§ What the task requires: All of the listing is to be written out word for word, with the pictures left out.

** Opening Data supplied block **

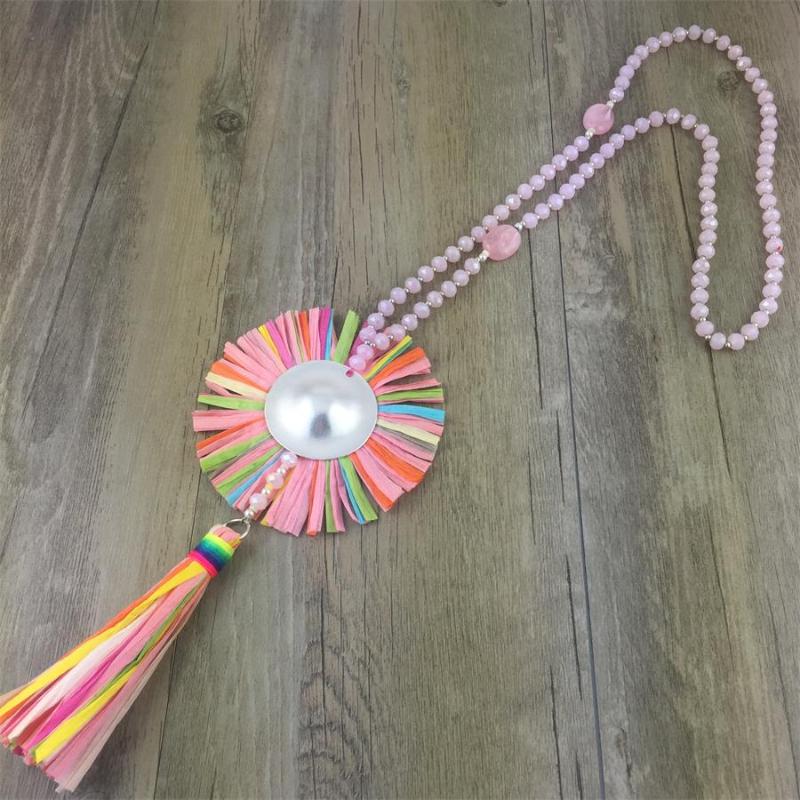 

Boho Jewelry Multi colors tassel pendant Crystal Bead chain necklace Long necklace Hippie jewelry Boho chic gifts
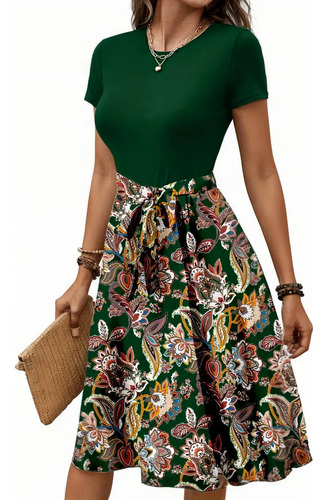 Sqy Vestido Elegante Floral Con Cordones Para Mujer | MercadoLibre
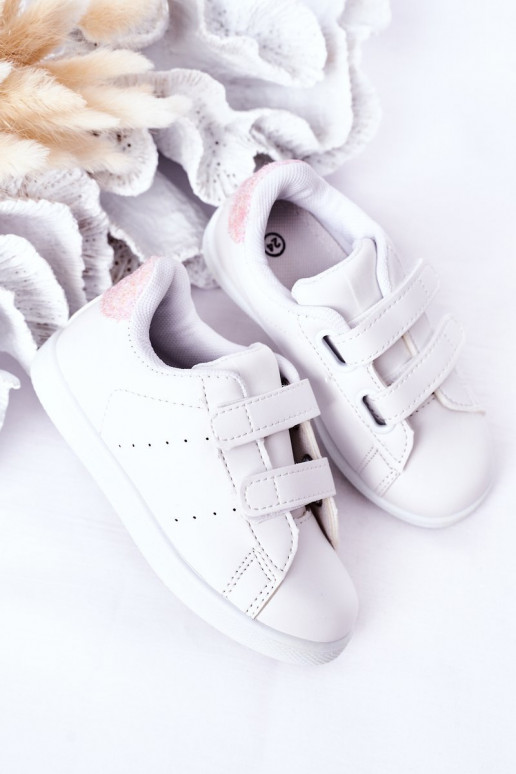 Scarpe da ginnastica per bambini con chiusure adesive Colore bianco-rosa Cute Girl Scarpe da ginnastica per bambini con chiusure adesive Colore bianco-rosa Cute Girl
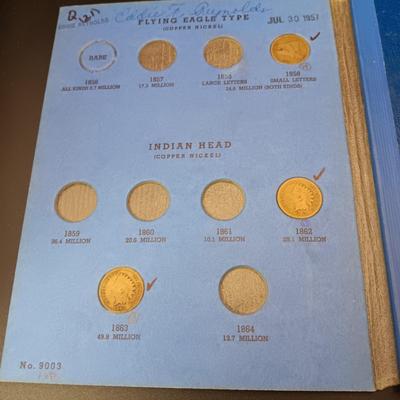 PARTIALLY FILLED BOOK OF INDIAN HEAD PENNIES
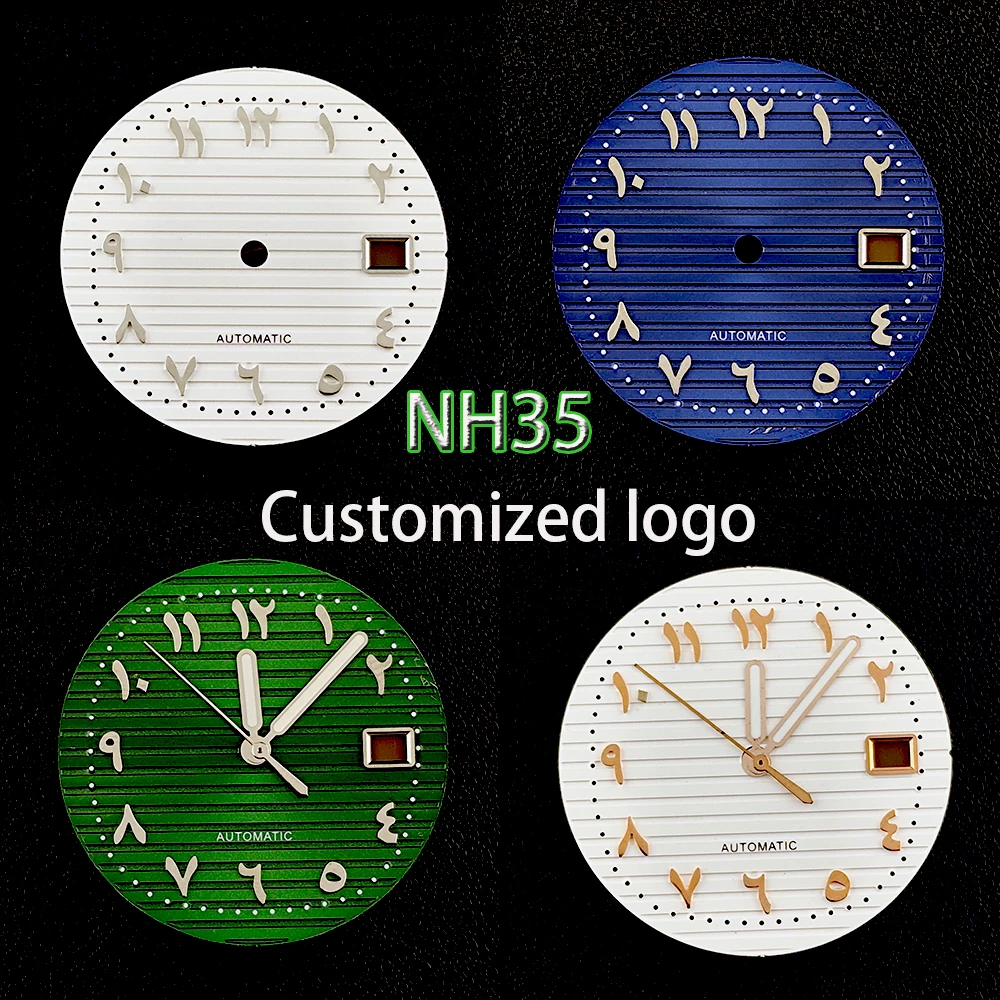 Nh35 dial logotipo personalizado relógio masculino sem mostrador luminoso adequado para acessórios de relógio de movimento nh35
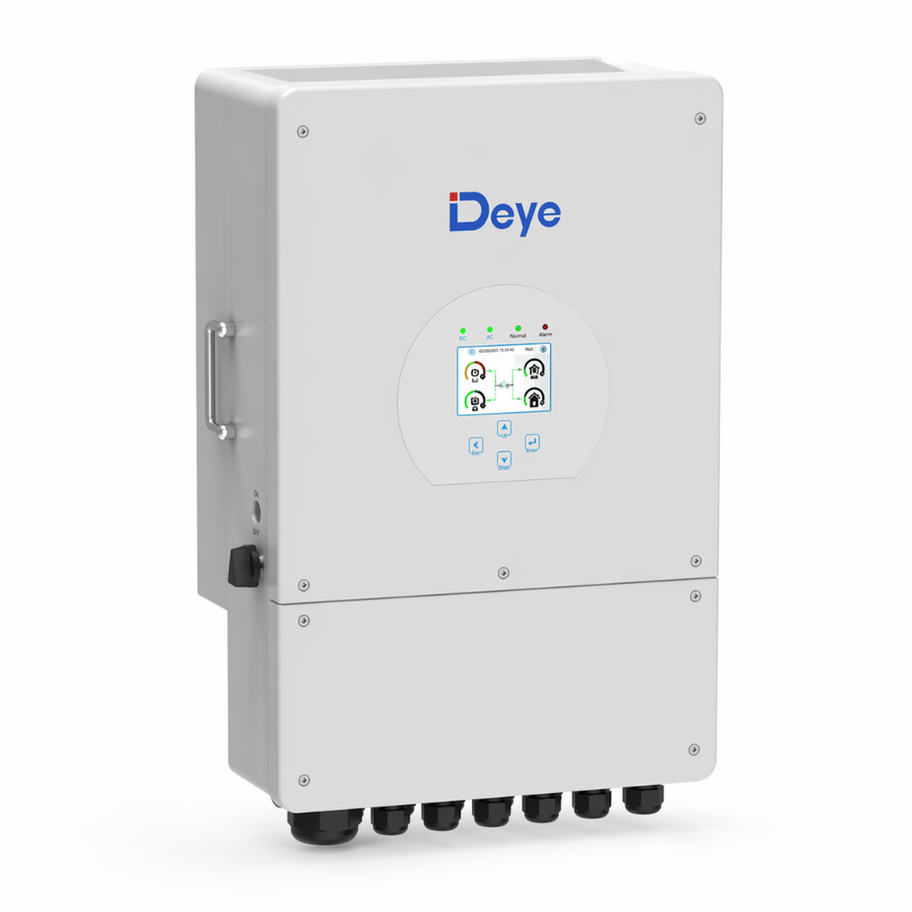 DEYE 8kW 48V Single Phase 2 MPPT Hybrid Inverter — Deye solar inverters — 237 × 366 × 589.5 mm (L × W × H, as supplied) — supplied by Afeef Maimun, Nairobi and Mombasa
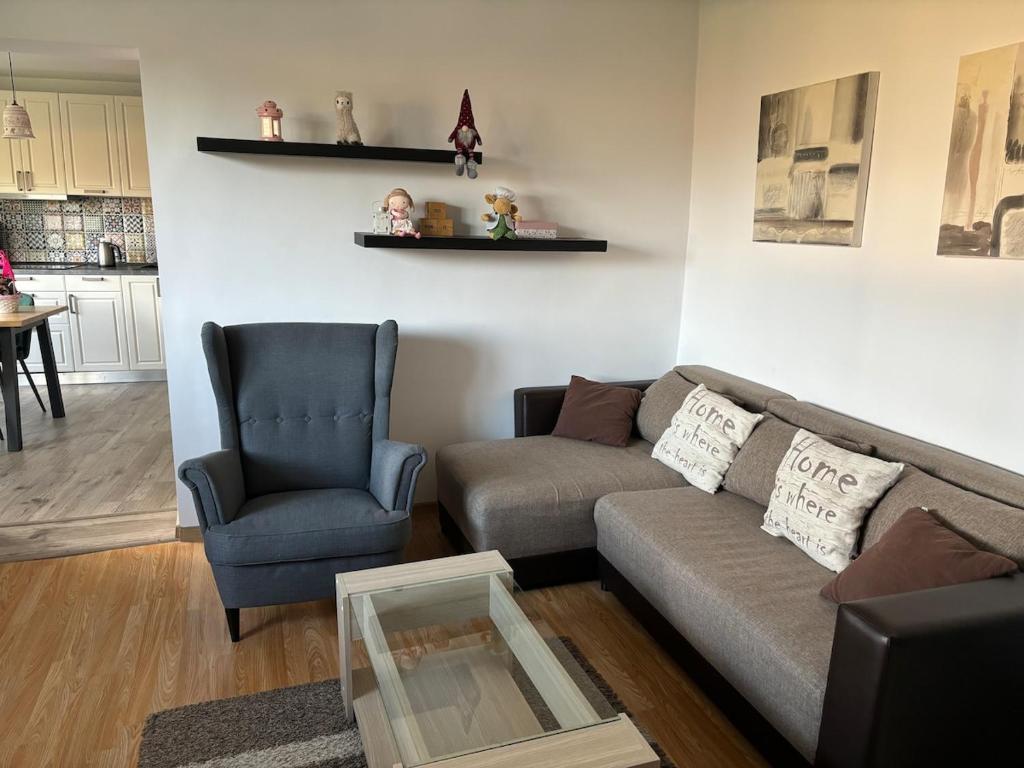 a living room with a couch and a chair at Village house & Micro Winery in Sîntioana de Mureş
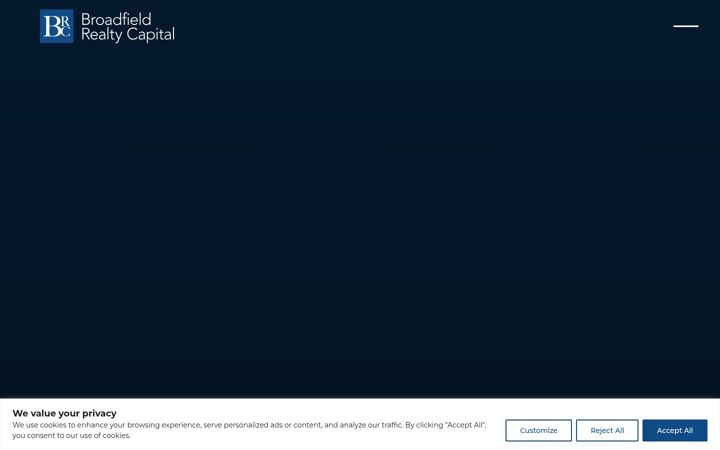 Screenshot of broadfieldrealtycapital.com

** Closing Data supplied block **

§ Solution for this problem:
Boho Jewelry Multi colors tassel pendant Crystal Bead chain necklace Long necklace Hippie jewelry Boho chic gifts
 Sqy Vestido Elegante Floral Con Cordones Para Mujer | MercadoLibre
 Scarpe da ginnastica per bambini con chiusure adesive Colore bianco-rosa Cute Girl Scarpe da ginnastica per bambini con chiusure adesive Colore bianco-rosa Cute Girl
 PARTIALLY FILLED BOOK OF INDIAN HEAD PENNIES
 Nh35 dial logotipo personalizado relógio masculino sem mostrador luminoso adequado para acessórios de relógio de movimento nh35
 DEYE 8kW 48V Single Phase 2 MPPT Hybrid Inverter — Deye solar inverters — 237 × 366 × 589.5 mm (L × W × H, as supplied) — supplied by Afeef Maimun, Nairobi and Mombasa
 a living room with a couch and a chair at Village house & Micro Winery in Sîntioana de Mureş
 Screenshot of broadfieldrealtycapital.com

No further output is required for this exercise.